You'll see the producer enqueueing every 2s and the worker logging each job (with a 10% synthetic failure rate to exercise the retry path). Visit http://localhost:8080/healthz and http://localhost:8080/stats.

Tear down with docker compose down -v (the -v drops the Postgres volume).

Without Docker:

export DATABASE_URL=postgres://tinybus:tinybus@localhost:5432/tinybus?sslmode=disable
make migrate
make worker        # in one terminal
make enqueue       # in another, repeatedly
make stats

What's interesting in here

The single design decision worth reading:

Crash-safe job ownership without a separate broker

A worker claims a job in one round-trip:

WITH next AS (
    SELECT id FROM jobs
    WHERE queue = $1
      AND locked_at IS NULL
      AND dead_at  IS NULL
      AND run_at   <= now()
    ORDER BY run_at
    FOR UPDATE SKIP LOCKED
    LIMIT 1
)
UPDATE jobs
SET    locked_at = now(),
       locked_by = $2,
       attempts  = attempts + 1
WHERE  id = (SELECT id FROM next)
RETURNING id, queue, payload, attempts, max_attempts, created_at, run_at;

Three things to notice:

  1. FOR UPDATE SKIP LOCKED is what makes this work under load.

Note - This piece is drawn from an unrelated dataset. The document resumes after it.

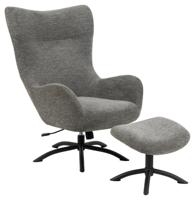 Fauteuil Marc Antraciet met Voetenbank - Giga Living - thumbnail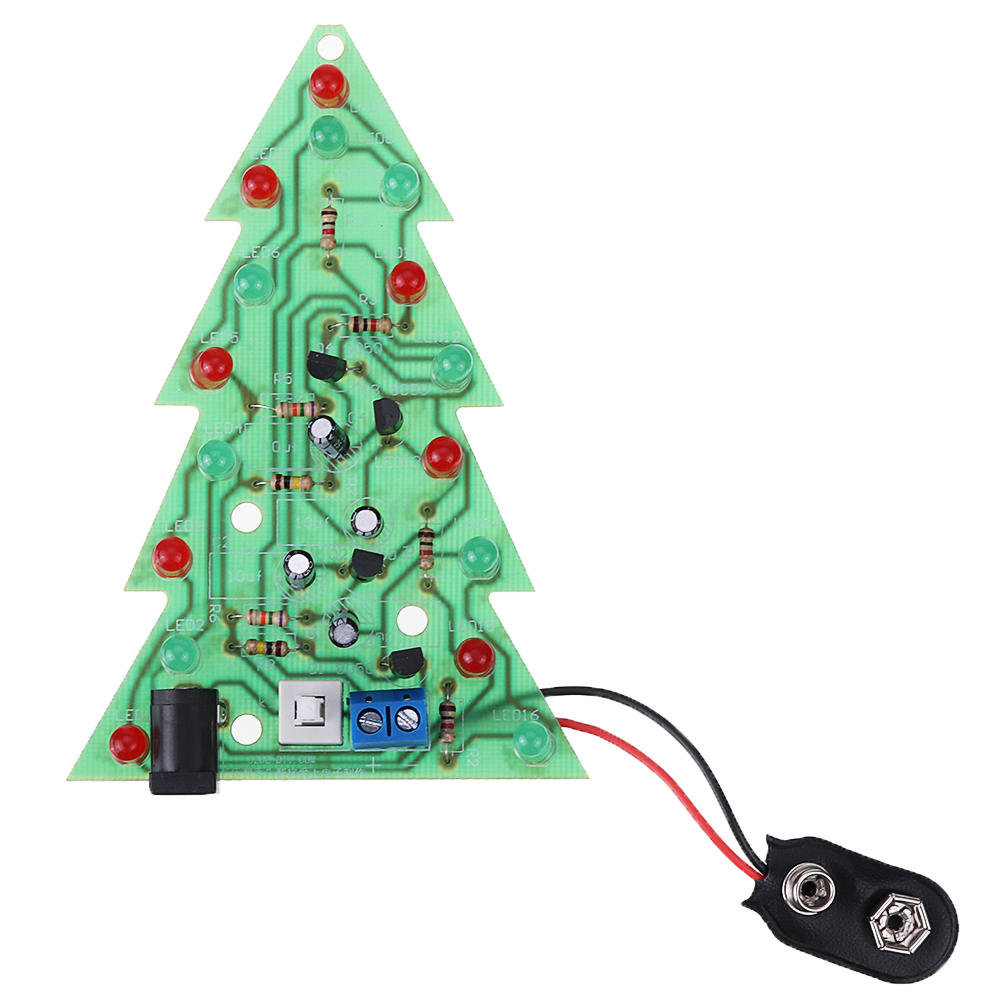 gemonteerd usb power kerstboom 16 led kleur licht elektronische pcb decoratie boom kinderen geschenk gewone versie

Two workers competing for the same row: one wins, the other skips and takes the next eligible row. No global lock, no broker, no coordinator.
  2. CTE + UPDATE in a single statement closes the race window. A SELECT followed by a separate UPDATE lets two workers see the same row before either claims it. The CTE acquires the row lock, the outer UPDATE mutates the state, both inside the same statement and the same round-trip.
  3. attempts is incremented at claim time, not failure time. So a worker crash after claim still counts as an attempt — a poisoned job that crashes its handler still hits max_attempts and ends up dead, instead of running forever.

That's the whole game. Postgres' row-level lock is the broker.

Crash recovery: lock-expiry, not heartbeat

Workers don't heartbeat. Instead, a sweeper goroutine periodically clears locked_at from any in-flight job whose lock is older than the configured lease:

UPDATE jobs
SET    locked_at = NULL, locked_by = NULL, last_error = ...
WHERE  locked_at IS NOT NULL
  AND  dead_at   IS NULL
  AND  locked_at < now() - make_interval(secs => $1);

This makes tinybus at-least-once, not exactly-once. A handler that runs longer than the lease will be re-run by another worker. Set the lease above your p99 handler runtime, or split long handlers into smaller jobs.

The trade-off: heartbeating from inside the handler conflates "is the worker alive?" with "is the handler making progress?", and adds a connection per in-flight job. River (Go) and Oban (Elixir) both make the same lock-expiry choice for the same reason.

Backoff with equal jitter

Failed jobs retry with exponential backoff plus equal jitter:

d    = 1s * 2^(attempts-1), capped at 5m
half = d / 2
out  = half + rand[0, half]

Equal jitter (vs full jitter rand[0, d]) guarantees at least d/2 separation between consecutive retries, while still spreading retries across the worker pool — avoids the dogpile where all retries fire at the same instant after a transient outage.

Architecture

producers ──▶ INSERT ──▶ ┌──────────┐ ◀── UPDATE ── workers
                         │   jobs   │     (CTE+SKIP LOCKED)
                         └──────────┘
                              ▲
                              │  UPDATE locked_at = NULL
                              │  WHERE locked_at < now() - lease
                              │
                          sweeper goroutine
                          (one per Process call)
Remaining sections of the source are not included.